Data Engineering to Support Advanced Analytics

By Charles Yoon | Data Engineer

As a growing company that leverages health data to provide value to patients, it is increasingly apparent that a distinct data engineering component is becoming a necessary and a crucial part of a successful data science implementation.  

Data science is an interdisciplinary field that deals with processes to extract meaningful knowledge or useful insights from vast amounts of data. It favours the use of more generalized solutions to tackle multiple issues versus the more traditional statistical approaches of customizing a solution to a specific problem. Today, data science has far reaching implications in many fields, especially in healthcare, where the latest applications of machine learning or artificial intelligence software are being used to improve and augment diagnoses from medical imaging, predict adverse events from EHR data, and even discover potential therapeutic treatments for COVID-19. 

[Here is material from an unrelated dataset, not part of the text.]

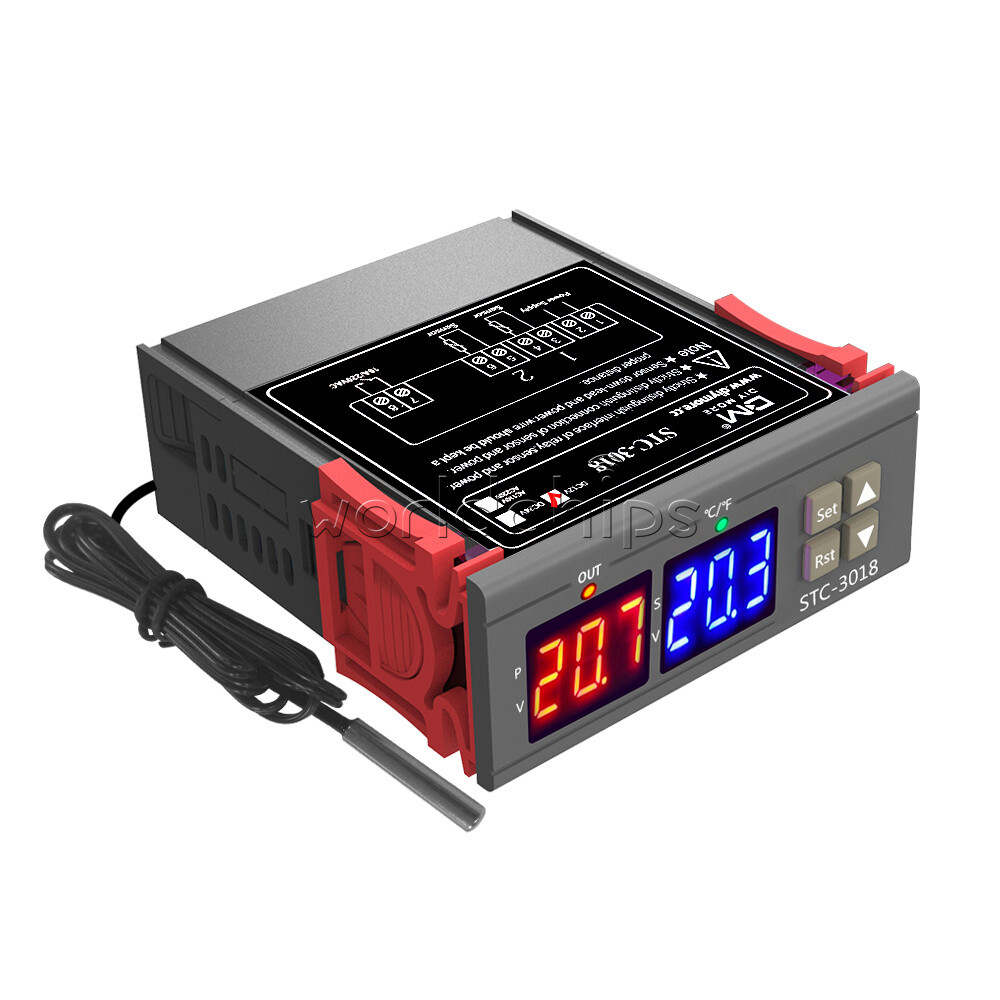 STC-3018 DC 12V Dual LED Display Temperature Controller Sensor Probe Thermostat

Data engineering, meanwhile, is geared towards supporting the application of data science by organizing heterogenous data sources, facilitating data cleaning, and developing standardization models to fulfill advanced analytics and business requirements. In other words, data engineering is the first phase and data science is the second phase of an analytics pipeline. And with the ever-shifting landscape of data, especially in healthcare, we are moving to a world where data from multiple sources need to be pulled together and organized in order to generate a complete picture of a patient’s health. 

The scope of data engineering can be broken down into 3 major components: 

  1. Optimize data consolidation by implementing data integration tools to connect to a myriad of data sources from modern systems such as wearables and connected devices while remaining compatible with legacy systems and existing warehouses, as is usually the case in healthcare. 
  1. Build real-time data streams and pipelines to direct the incoming data flow towards filling our data lake. 
  1. Process this data by cleaning and transforming it in a way to make it easily accessible for data scientists and business analysts. 

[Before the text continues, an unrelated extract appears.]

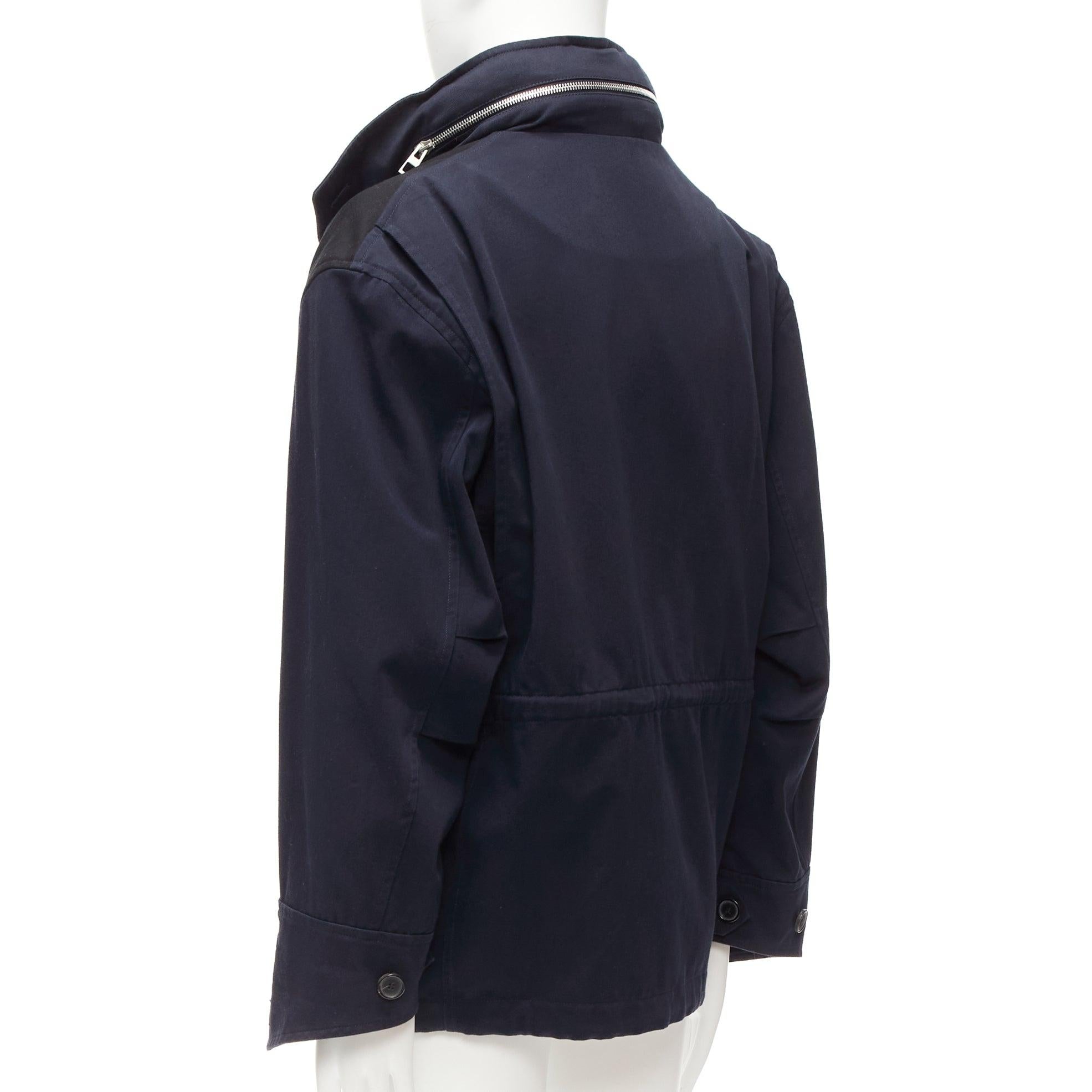 LOEWE navy black anagram cotton multi pocket military field jacket IT46 S en vente 2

At MEMOTEXT, we currently integrate data from multiple sources including prescription drug claims, Fitbits, ambient mobile data, and behavioural data from program responses.  

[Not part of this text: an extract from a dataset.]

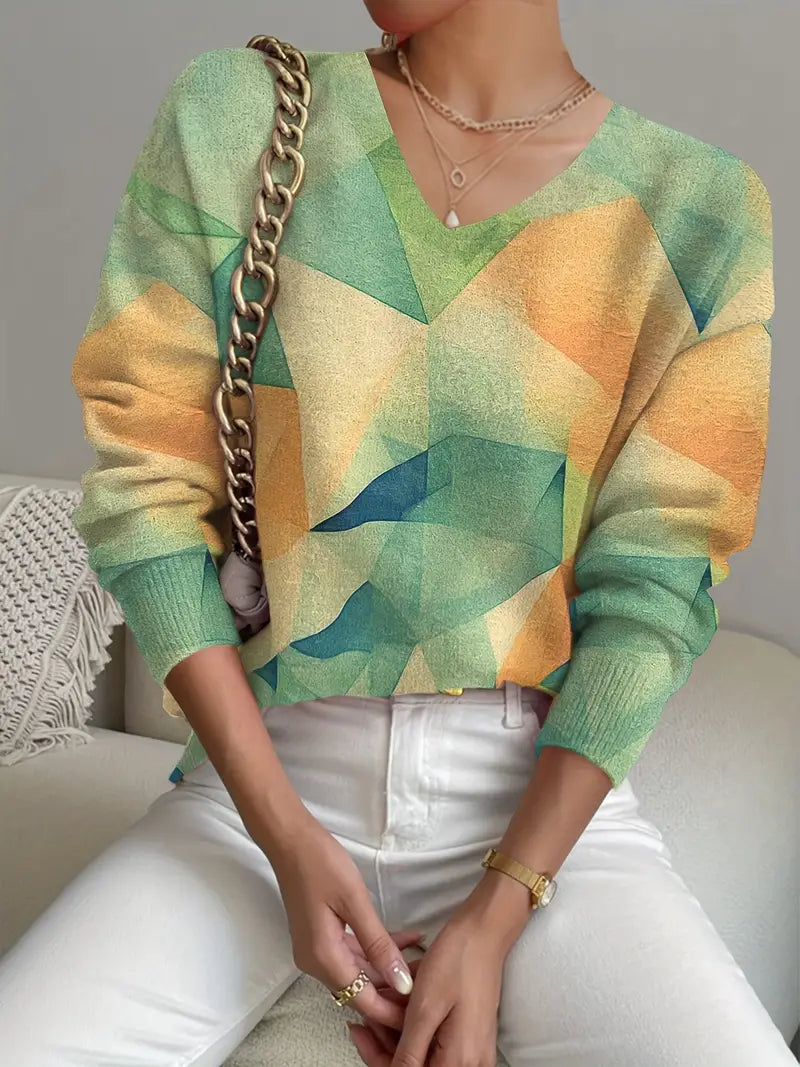 Vibrant Hues Farbblock Pullover mit V-Ausschnitt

As we continue to grow, we are undergoing a transformation to adapt to these changing times by transitioning to a modern data architecture.  This will enable us to better prepare for scale by building new data pipelines and technologies to funnel into our advanced analytics. This will enable our algorithms to make better real-time decisions as well as increase the accuracy of our predictive models, which will ultimately benefit our patients take control of their own health.